The next child who breaks his arm or the next father who has a heart attack will be transported to a new building off Moffat County Road 7 west of Craig.

The 77,000-square-foot facility sits atop a hill overlooking town, trimmed with the rich texture of a cobblestone unique to TMH.

"Craig Cobble," a mixture of stones found in Northwest Colorado, is just one of the ways in which TMH attempted to embody the essence of Moffat County in a building that will serve its residents for years to come.

A dedication of the building is at 10 a.m. today, after which the public can see firsthand the new hospital that was financed by and built for Moffat County citizens.

This will be the only opportunity for the public to walk through the corridors of the medical wing because once the hospital is open to patients, new security measures will keep visitors, hospital staff and patients safely confined to their respective areas.

Samantha Johnston, TMH chief of organizational excellence, said when taxpayers passed a $42.6 million bond issue in 2007 to help finance the building, hospital officials promised the community something they could be proud of.

"We wanted this to feel comfortable for Moffat County," Johnston said. "This is not Steamboat Springs. This is not a resort town. We need something that feels good for Craig. That's why a lot of the decor is tied to the landscape."

She said the architects and builders put time and effort into researching and understanding the lifestyle.

The end result was a 28-foot atrium with soft lighting and plush couches, a small amount of space devoted to administrative offices and state-of-the-art equipment spread out over spacious, private rooms.

"Naturally, when you walk into a hospital, there is some level of stress and anxiety because you're sick or you're visiting someone who is sick," Johnston said. "We wanted an environment that has a calming, peaceful effect. And, we know that with the personnel and equipment we have, they'll be comfortable with the rest of their stay."

She said the medical technology throughout the building is "the best money can buy."

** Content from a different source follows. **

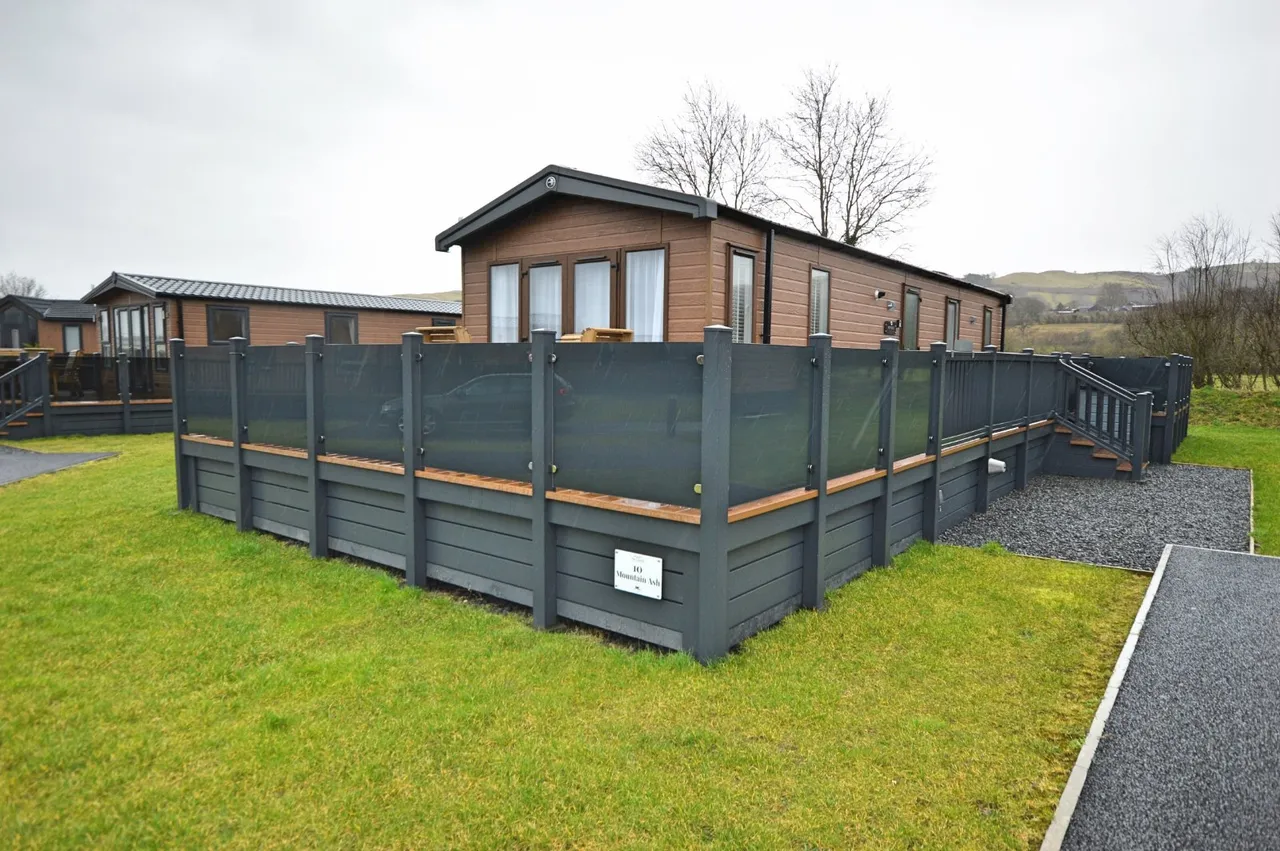 2 bed park home for sale, The Laurels, Maesmawr Farm Resort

A new digital mammography machine is stationed in a women's diagnostic center, where women and their families can have a comfortable, private experience while undergoing what can sometimes be stressful, invasive tests, Johnston said.

The digital mammography machine also can help detect breast cancer earlier than other forms of testing.

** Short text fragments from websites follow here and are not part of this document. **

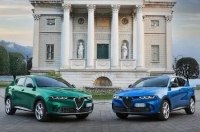 Alfa Romeo представила гібридні кросовери Tonale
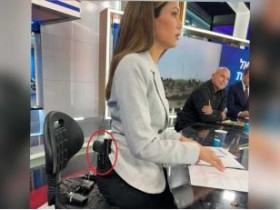 【蜗牛棋牌】巴以新一轮冲突持续，以色列女主播被拍到在直播中腰间别枪，网友争议
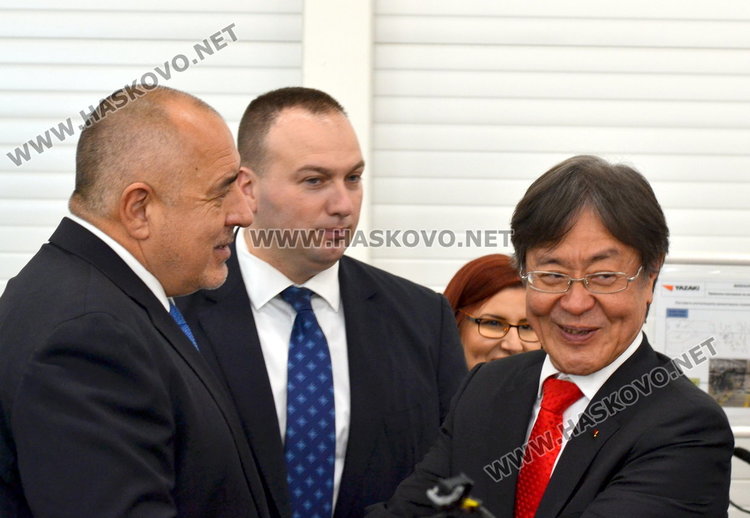 Премиерът посети Язаки - борим се за по-високи доходи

In December, a new MRI machine will be delivered to the hospital, so patients will no longer have to be transported to a different building to receive important diagnostic tests.

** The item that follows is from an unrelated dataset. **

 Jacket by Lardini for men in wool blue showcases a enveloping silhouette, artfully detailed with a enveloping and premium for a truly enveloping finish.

Each of the three operating rooms in the new hospital is larger than the combined operating space from the old hospital. The rooms are equipped with moving booms that hold mobile plasma screens, surgical lights and tools, designed for ease of use and efficiency during surgery.

While most of the public will not see the inside of the surgical wing, there is another major change to TMH that is visible to passersby.

Johnston said that when TMH looked at building a new facility, they envisioned changing the name of the hospital. However, they later found the community was attached to what the name symbolized.

"People wanted to keep the name because it meant something to them," she said. "It's a memorial to World War II veterans, and we don't want to take that away."

Instead, a team has worked to develop a cleaner-looking contemporary logo, Johnston said.

"The old logo was just outdated," she said. "It didn't say 'regional health care.' The new logo still carries those same elements, like the medical cross, but it's edgier and more contemporary."

The new logo features a brown and burgundy cross, and "The Memorial Hospital at Craig," written underneath.

On Friday, custodial workers polished, vacuumed and cleaned to put the finishing touches on the building before tours began.

The buzz of anticipation around the new building was audible, and Johnston said she was confident the public would be awed.

"I think they'll just be really impressed with the attention to detail," she said.